Provided entries |

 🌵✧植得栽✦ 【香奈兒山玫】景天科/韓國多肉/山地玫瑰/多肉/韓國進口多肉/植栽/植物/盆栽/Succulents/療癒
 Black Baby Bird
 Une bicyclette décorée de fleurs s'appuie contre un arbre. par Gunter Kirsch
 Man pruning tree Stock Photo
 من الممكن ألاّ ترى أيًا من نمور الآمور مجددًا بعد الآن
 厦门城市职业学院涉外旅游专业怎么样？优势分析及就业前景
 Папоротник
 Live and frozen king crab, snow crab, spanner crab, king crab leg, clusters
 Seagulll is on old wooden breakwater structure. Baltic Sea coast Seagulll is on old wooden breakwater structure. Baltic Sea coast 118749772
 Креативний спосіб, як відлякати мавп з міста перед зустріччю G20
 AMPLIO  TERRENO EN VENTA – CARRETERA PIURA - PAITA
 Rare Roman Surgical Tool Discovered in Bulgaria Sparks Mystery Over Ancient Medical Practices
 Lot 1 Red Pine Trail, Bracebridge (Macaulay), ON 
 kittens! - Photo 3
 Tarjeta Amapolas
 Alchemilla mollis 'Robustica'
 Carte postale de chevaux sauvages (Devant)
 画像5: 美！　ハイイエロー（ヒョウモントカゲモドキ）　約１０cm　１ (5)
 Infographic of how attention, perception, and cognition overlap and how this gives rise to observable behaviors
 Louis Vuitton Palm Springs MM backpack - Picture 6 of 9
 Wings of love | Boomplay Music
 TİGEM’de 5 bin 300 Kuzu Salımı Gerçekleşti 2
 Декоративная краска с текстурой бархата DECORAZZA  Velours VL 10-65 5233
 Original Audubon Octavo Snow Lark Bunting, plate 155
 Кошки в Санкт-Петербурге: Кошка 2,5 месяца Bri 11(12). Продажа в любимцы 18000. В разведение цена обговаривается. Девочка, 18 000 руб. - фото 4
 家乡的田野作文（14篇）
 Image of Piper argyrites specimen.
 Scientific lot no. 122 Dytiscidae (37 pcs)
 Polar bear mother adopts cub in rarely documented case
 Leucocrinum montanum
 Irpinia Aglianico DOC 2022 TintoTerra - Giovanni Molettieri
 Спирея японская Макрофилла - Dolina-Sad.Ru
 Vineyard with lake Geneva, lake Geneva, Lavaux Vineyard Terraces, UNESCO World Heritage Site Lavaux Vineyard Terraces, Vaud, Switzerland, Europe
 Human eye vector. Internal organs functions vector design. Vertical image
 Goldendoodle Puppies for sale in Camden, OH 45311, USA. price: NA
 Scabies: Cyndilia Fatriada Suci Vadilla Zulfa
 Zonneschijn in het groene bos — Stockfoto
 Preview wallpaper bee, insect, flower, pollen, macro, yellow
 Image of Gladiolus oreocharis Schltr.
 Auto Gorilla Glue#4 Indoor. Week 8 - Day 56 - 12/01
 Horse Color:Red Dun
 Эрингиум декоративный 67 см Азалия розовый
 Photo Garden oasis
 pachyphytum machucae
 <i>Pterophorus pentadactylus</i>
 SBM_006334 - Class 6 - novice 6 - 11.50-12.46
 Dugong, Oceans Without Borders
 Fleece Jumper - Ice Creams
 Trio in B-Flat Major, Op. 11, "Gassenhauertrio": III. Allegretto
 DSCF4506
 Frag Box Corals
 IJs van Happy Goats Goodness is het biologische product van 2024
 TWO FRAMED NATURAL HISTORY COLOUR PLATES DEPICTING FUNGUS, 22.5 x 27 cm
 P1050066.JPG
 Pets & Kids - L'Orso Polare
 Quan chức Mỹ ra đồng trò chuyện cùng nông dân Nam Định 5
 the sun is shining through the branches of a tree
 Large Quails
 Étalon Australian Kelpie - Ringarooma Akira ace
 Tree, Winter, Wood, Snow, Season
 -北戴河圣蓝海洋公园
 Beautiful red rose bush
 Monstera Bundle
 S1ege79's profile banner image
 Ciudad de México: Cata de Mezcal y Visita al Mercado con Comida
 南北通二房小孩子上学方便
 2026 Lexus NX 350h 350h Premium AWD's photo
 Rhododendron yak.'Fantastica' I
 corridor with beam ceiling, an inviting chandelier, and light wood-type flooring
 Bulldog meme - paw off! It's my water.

Your goal |
Please output only the lines from the one holding "Human eye vector." to the end of the records, first and last included, exactly as they appear.

Response below |
 Human eye vector. Internal organs functions vector design. Vertical image
 Goldendoodle Puppies for sale in Camden, OH 45311, USA. price: NA
 Scabies: Cyndilia Fatriada Suci Vadilla Zulfa
 Zonneschijn in het groene bos — Stockfoto
 Preview wallpaper bee, insect, flower, pollen, macro, yellow
 Image of Gladiolus oreocharis Schltr.
 Auto Gorilla Glue#4 Indoor. Week 8 - Day 56 - 12/01
 Horse Color:Red Dun
 Эрингиум декоративный 67 см Азалия розовый
 Photo Garden oasis
 pachyphytum machucae
 <i>Pterophorus pentadactylus</i>
 SBM_006334 - Class 6 - novice 6 - 11.50-12.46
 Dugong, Oceans Without Borders
 Fleece Jumper - Ice Creams
 Trio in B-Flat Major, Op. 11, "Gassenhauertrio": III. Allegretto
 DSCF4506
 Frag Box Corals
 IJs van Happy Goats Goodness is het biologische product van 2024
 TWO FRAMED NATURAL HISTORY COLOUR PLATES DEPICTING FUNGUS, 22.5 x 27 cm
 P1050066.JPG
 Pets & Kids - L'Orso Polare
 Quan chức Mỹ ra đồng trò chuyện cùng nông dân Nam Định 5
 the sun is shining through the branches of a tree
 Large Quails
 Étalon Australian Kelpie - Ringarooma Akira ace
 Tree, Winter, Wood, Snow, Season
 -北戴河圣蓝海洋公园
 Beautiful red rose bush
 Monstera Bundle
 S1ege79's profile banner image
 Ciudad de México: Cata de Mezcal y Visita al Mercado con Comida
 南北通二房小孩子上学方便
 2026 Lexus NX 350h 350h Premium AWD's photo
 Rhododendron yak.'Fantastica' I
 corridor with beam ceiling, an inviting chandelier, and light wood-type flooring
 Bulldog meme - paw off! It's my water.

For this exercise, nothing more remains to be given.